So far, this isn’t anything new. But here comes the “tricky” part – the associations actually model relationships between object instances, and these are reflected in the store. So when updating the application’s data store, changes done through a different variable are reflected in the state of the store. Another way to look at it is that in the data store, we do actually have reference semantics (as opposed to value semantics) – the references between the instances. But these references exist in the store only, not in memory, which is irrelevant in our model.

For example, consider this slightly expanded example:

            let e1 = Employee[[…]];

      let e2 = Employee[[…]];

      …

      e1.address = e2.address; //they moved in together

      e1.address.country = ‘Oz’; //relocating

at this point, e1.address != e2.address – they have a different country value.

But, e1.address is e2.address – they are looking at the same instance, from an identity point of view. Recall that the ‘is’ operator compares the identity of two instances (in “DB-speak” – their keys, but this is generally a broader concept).

What happens if we write e1.save(); at this point? It would update the corresponding Address instance with the new value, with the country being ‘Oz’.

What happens if, alternatively, we write:

e2.address.city = ‘Metropolis’;

e2.save();

?

It would result in a new application state where address, for both employees are living in Metropolis, but not in Oz.

So it is important what value gets saved, but two different values with the same identity will result in referring to the same value in the application’s data store.

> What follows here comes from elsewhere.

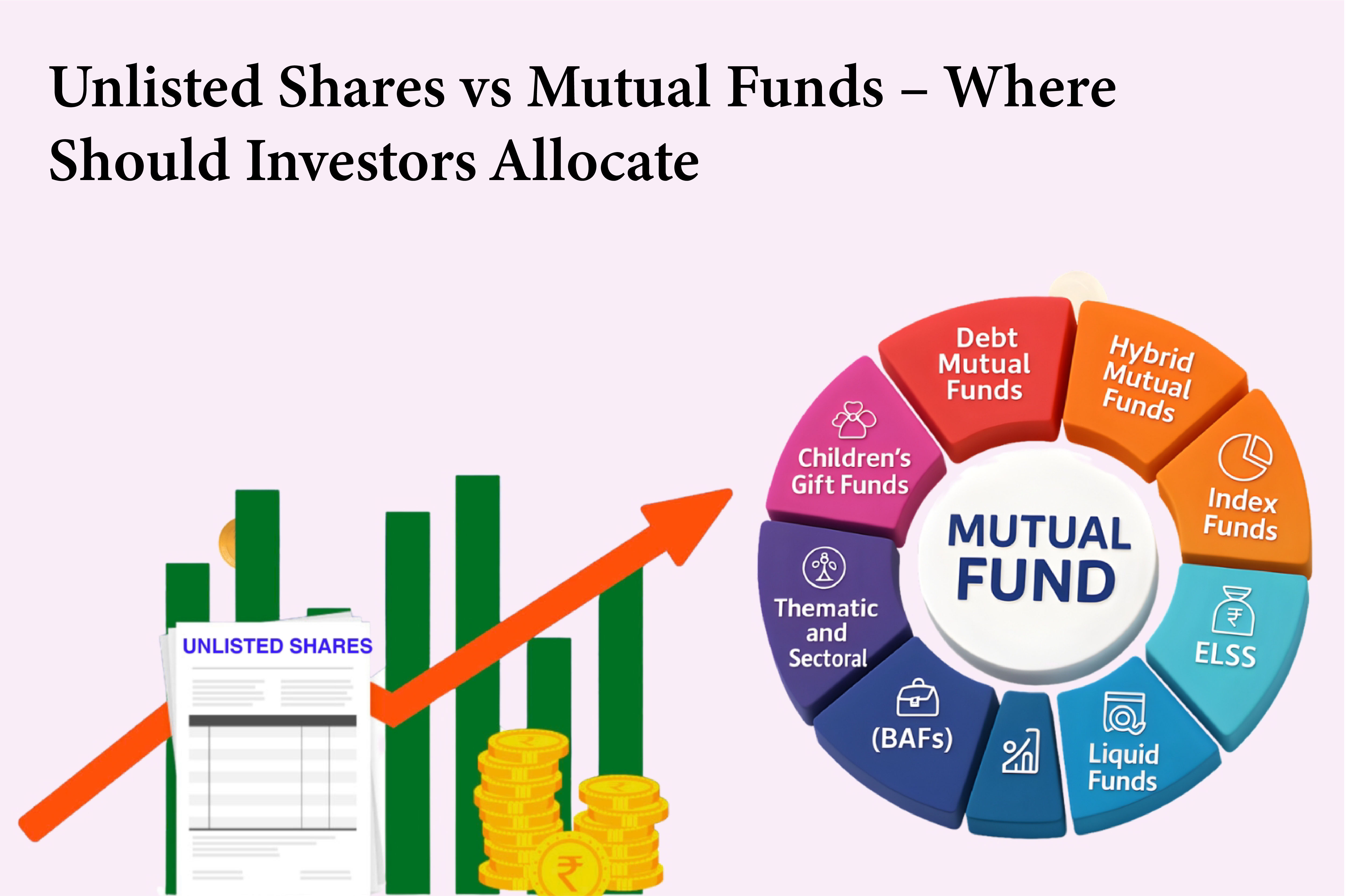 Unlisted Shares vs Mutual Funds – Where Should Investors Allocate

The key point is that business logic expressed in RDL reflects the changes made to the application’s data. This state of data is reflected in the store, which is the real “memory” of the application - its logical/semantic memory. The language model deals only with changes to that memory. Not with any other changes.

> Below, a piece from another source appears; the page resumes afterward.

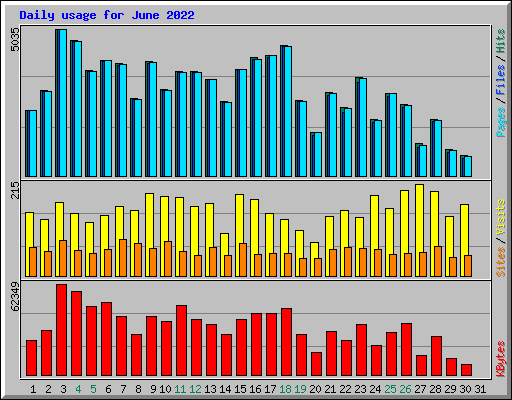 Daily usage for June 2022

An implementation of this model may of course make use of a computer system’s memory and distinguish between that memory and the persisted data, e.g. for optimization purposes. But this is an implementation detail and not part of the language/execution model definition. The RDL “program” deals only with the changes it needs to make to that state.

The River Flows - Between States

Looking at the River program from this declarative point of view leads us to interpreting the code accordingly. So a piece of business logic written with RDL (an action) is in fact a specification of how the state of the application changes. You could look at an action as one function that receives as input the application state (the store), and possibly some other values, and outputs a new application state, with possibly new values:

In other words, an action represents how a new application state is computed given a previous state and a set of inputs. The input is composed of the formal parameters defined for an action (+’this’) and the streams of values in the application store when the action is computed – all the entity streams.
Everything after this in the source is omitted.